USPS has closed about 300 locations in the past six months using what postal officials describe as a disorganized process that often dragged on for years. The computerized system announced Thursday would allow top officials in Washington to begin reviewing sites by the summer and assess a location’s feasibility within 138 days — a sharply shorter period of review, Granholm said.

“This is not an effort to shutter all of our post offices,” he said. Officials plan to review about 3,000 sites by June. Reviewing a location does not mean that its closure is inevitable, Granholm said.

The proposed changes, submitted this week for publication in the Federal Register, are open to public comment for the next two months. If the changes are enacted, Granholm said, USPS would focus on whether to keep open thousands of smaller branches and stations located in city centers or far-flung rural towns that may get less traffic than nearby post offices.

If a location is chosen for closure, Granholm said, letter carriers would deliver formal notices to affected customers and give them two months to respond. He said concerned customers could appeal the decision to the Postal Regulatory Commission, which would have up to 120 days to review the location’s fate. Affected communities would retain their Zip code.

In an interview Thursday, PRC Chairman Ruth Goldway promised to carefully review the proposal but seemed pleased that USPS is preparing new national standards. Any wholesale review “should be a plan that incorporates community concerns and the nature of individual communities,” she said.

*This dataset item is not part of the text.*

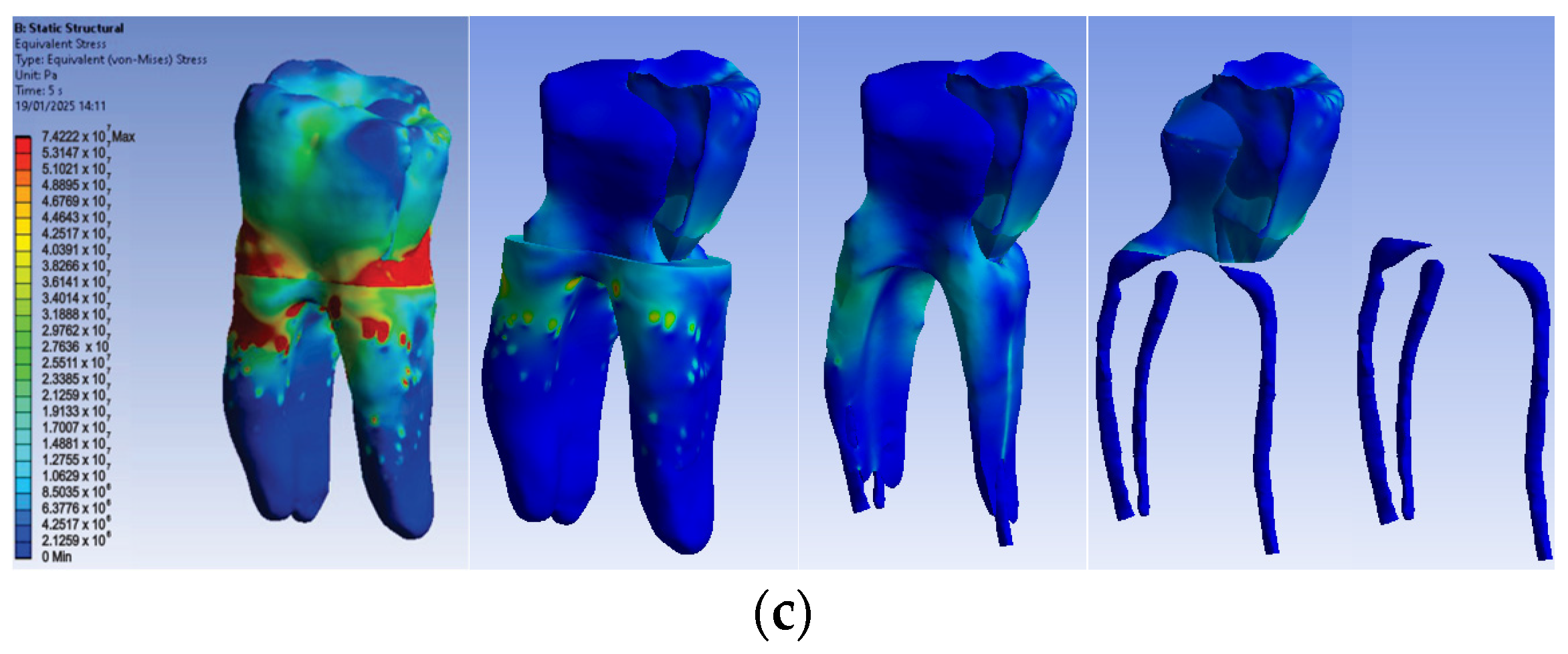 Biomedicines 13 00974 g015b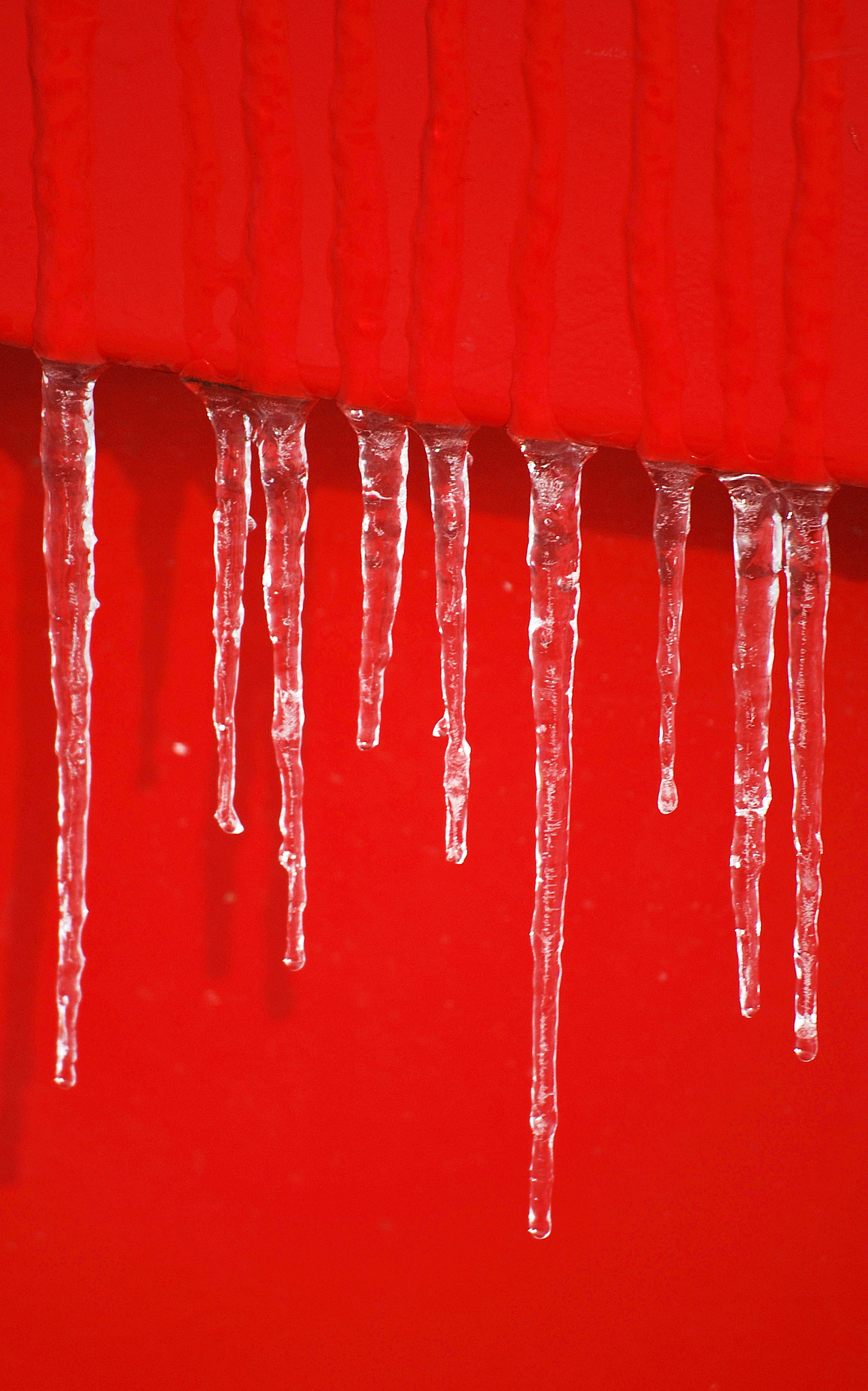 Nikon D40X sample photo. Icicles on red dumpster photography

The changes present a new source of tension among USPS and postal regulators and union leaders, who fear that postal bosses are trying to bypass the regulation process and quickly make operational changes without proper consultation with customers.

“It appears that the Postal Service is moving towards our opinion in some ways and away from it in other ways,” Goldway said, reiterating her concern for a customer’s right to appeal any closure.

Granholm defended the plans, saying he expected regulators to appreciate the new appeals process. Besides, he said, “I feel we have the authority to change our rules” without regulator approval.

USPS anticipates losing about $7 billion during the fiscal year ending in September. It announced plans last week to eliminate 7,500 postmaster and administrative positions, on top of the 105,000 full-time positions cut by attrition in the past two years.